What is required: Output the entries as they appear, skipping images.

====== Material for this task ======

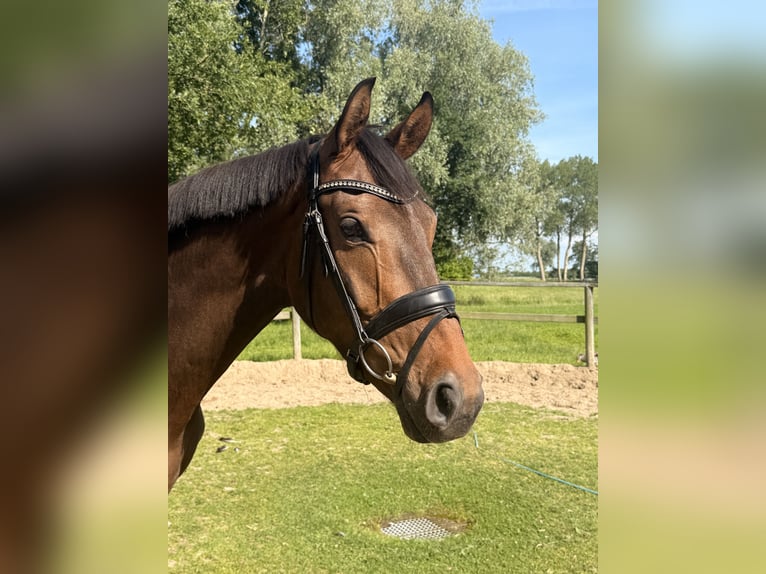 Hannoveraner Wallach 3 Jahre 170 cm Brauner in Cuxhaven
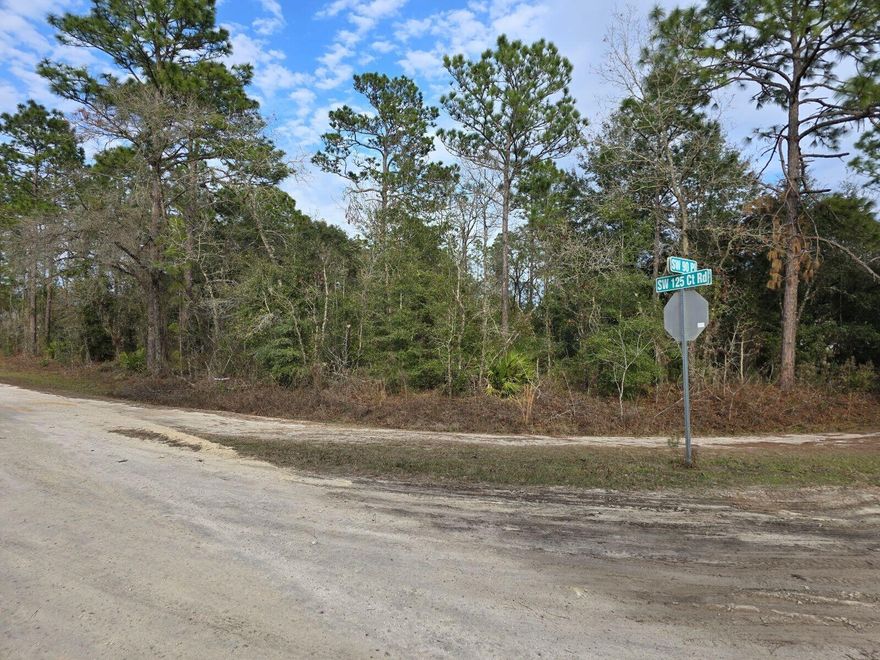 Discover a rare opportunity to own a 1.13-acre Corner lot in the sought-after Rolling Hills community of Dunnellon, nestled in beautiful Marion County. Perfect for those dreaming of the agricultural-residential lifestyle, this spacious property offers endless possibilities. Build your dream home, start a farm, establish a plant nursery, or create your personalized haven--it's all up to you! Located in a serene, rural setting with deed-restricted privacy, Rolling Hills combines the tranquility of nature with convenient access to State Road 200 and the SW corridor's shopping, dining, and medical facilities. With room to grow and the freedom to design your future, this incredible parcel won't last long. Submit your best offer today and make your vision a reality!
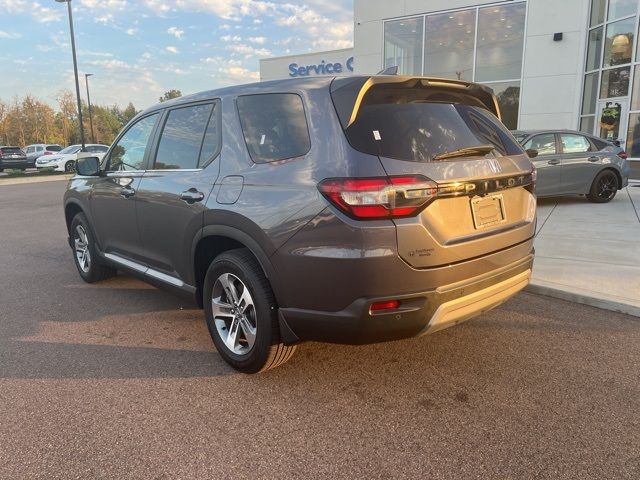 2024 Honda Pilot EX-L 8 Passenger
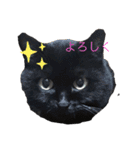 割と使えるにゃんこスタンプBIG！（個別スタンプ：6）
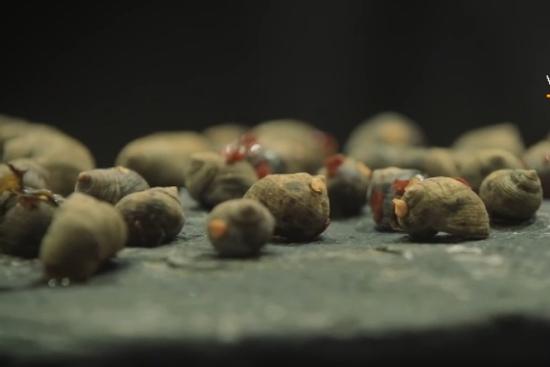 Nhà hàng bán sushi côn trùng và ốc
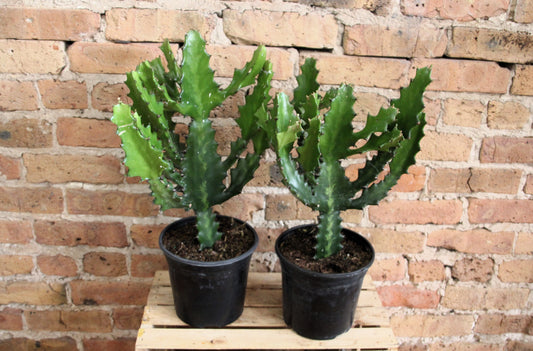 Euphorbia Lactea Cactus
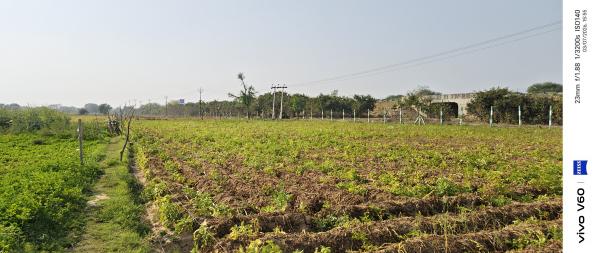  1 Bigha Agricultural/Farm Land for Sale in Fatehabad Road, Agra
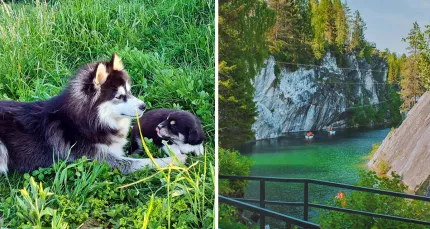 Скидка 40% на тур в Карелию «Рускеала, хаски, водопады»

======

Written reply:
 Hannoveraner Wallach 3 Jahre 170 cm Brauner in Cuxhaven
 Discover a rare opportunity to own a 1.13-acre Corner lot in the sought-after Rolling Hills community of Dunnellon, nestled in beautiful Marion County. Perfect for those dreaming of the agricultural-residential lifestyle, this spacious property offers endless possibilities. Build your dream home, start a farm, establish a plant nursery, or create your personalized haven--it's all up to you! Located in a serene, rural setting with deed-restricted privacy, Rolling Hills combines the tranquility of nature with convenient access to State Road 200 and the SW corridor's shopping, dining, and medical facilities. With room to grow and the freedom to design your future, this incredible parcel won't last long. Submit your best offer today and make your vision a reality!
 2024 Honda Pilot EX-L 8 Passenger
 割と使えるにゃんこスタンプBIG！（個別スタンプ：6）
 Nhà hàng bán sushi côn trùng và ốc
 Euphorbia Lactea Cactus
  1 Bigha Agricultural/Farm Land for Sale in Fatehabad Road, Agra
 Скидка 40% на тур в Карелию «Рускеала, хаски, водопады»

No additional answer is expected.